6:41 a.m. July 3, 2008

RENO, Nev. – The University of Nevada, Reno marching band and supporters are refusing to yield to budget cuts that threaten the band's existence.

More than 100 band members, alumni and supporters held a campus rally Wednesday before a meeting with UNR President Milton Glick, who said the band and the university's oral history program will not remain in their present form.

The group also protested the firing of the band program's assistant director.

A petition to reverse that plan was circulated, and some members said they would be willing to give up their band scholarships to save the program. Others urged corporate sponsors to step forward and save the band.

Glick, speaking to hundreds of faculty, students and staff, remarked that the band, known as the “Pride of the Sierra,” played the university's alma mater “quite movingly as I walked by.”
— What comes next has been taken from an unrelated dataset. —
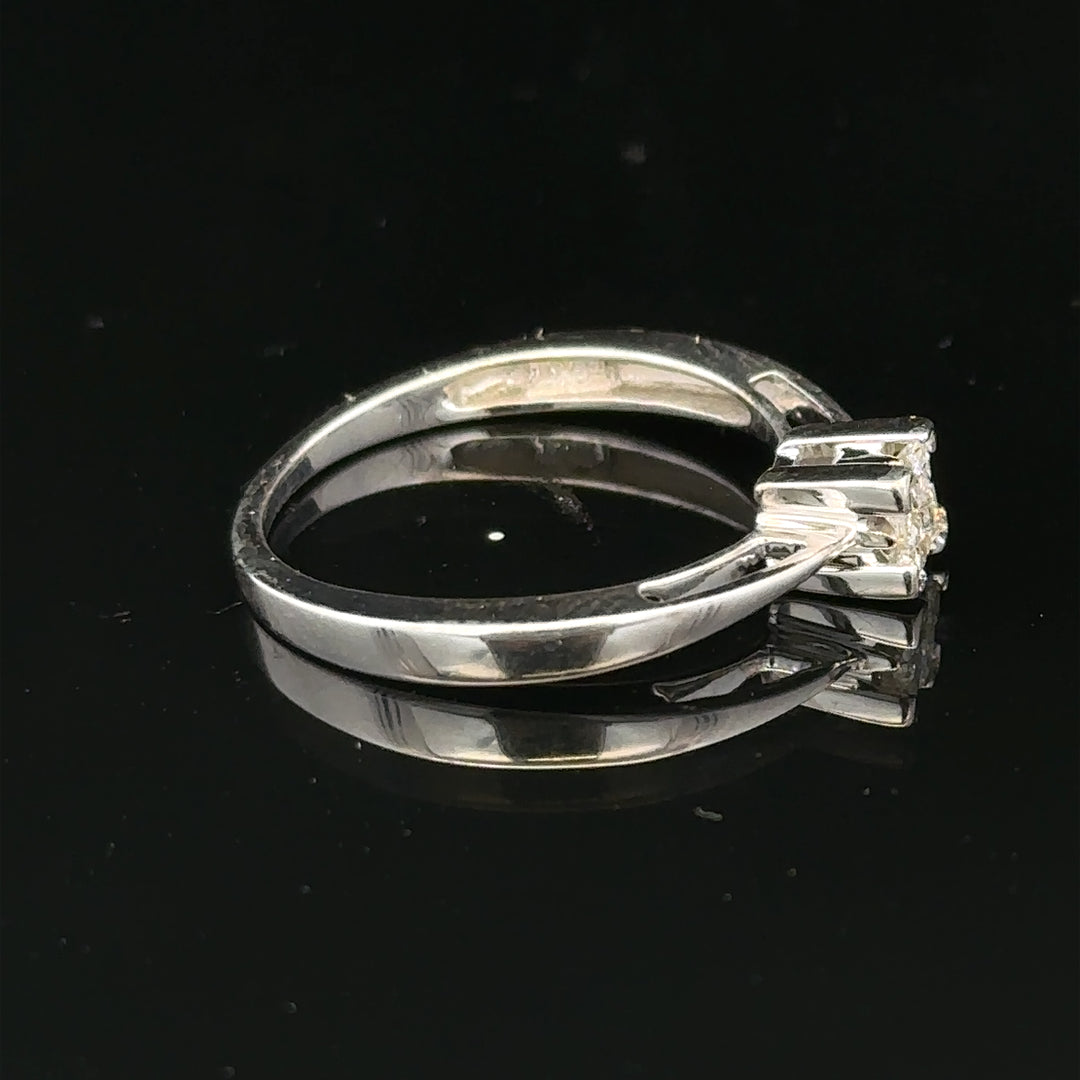 9ct white gold diamond ring with sparkling center diamond and delicate band, showcasing fine jewelry craftsmanship.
But emotions aside, he said the band and the school's oral history program will not remain in their present forms.

“So we will have to reconfigure and maintain (the band) in a different form at a lower cost. Is it important?” he said of the band. “Yes. Is it as important as getting into the English class you need? No.”

He added, “We decided to look at not having the Oral History Program in its present form. That doesn't mean we won't be doing oral history.”

The university last week sent notices of termination effective July 1, 2009, to 32 administrative faculty and four academic faculty, only one who is teaching.

Glick said offers of buyouts were sent Wednesday to faculty and staff based on their ages and years of service.

The university weathered a 4.5 percent governor-mandated cut that took $8.4 million from the 2007-08 budget, but Glick said additional state reductions “will change this university” and result in cutting programs.

In 2008-09, UNR faced a state funding shortfall of $16.5 million, but by deferring one-time expenditures and other measures, has been able to reduce that to $10 million in cuts still to be made.

But Glick said he's fearful of the impact Gov. Jim Gibbons' proposed statewide 14.12 percent cuts will have on higher education in 2009-10. That would mean $31.2 million less for UNR, but the 36 faculty members who will lose their jobs next year will result in a savings of $3.7 million.

Add that to another $6 million the university recovered when faculty agreed to defer merit raises and from revenue when students supported an additional $5 per credit fee surcharge, and the $31.2 million shortfall for 2009-10 has dropped to $21 million, Glick said.

Over the next six weeks, Glick said administrators and faculty will be looking at academic programs that could be reduced or eliminated in 2009-10.

“We will not be making decisions, but we will be looking at whether we can find alternative funding for some programs, downsize them or are they ones we should phase out,” said Glick.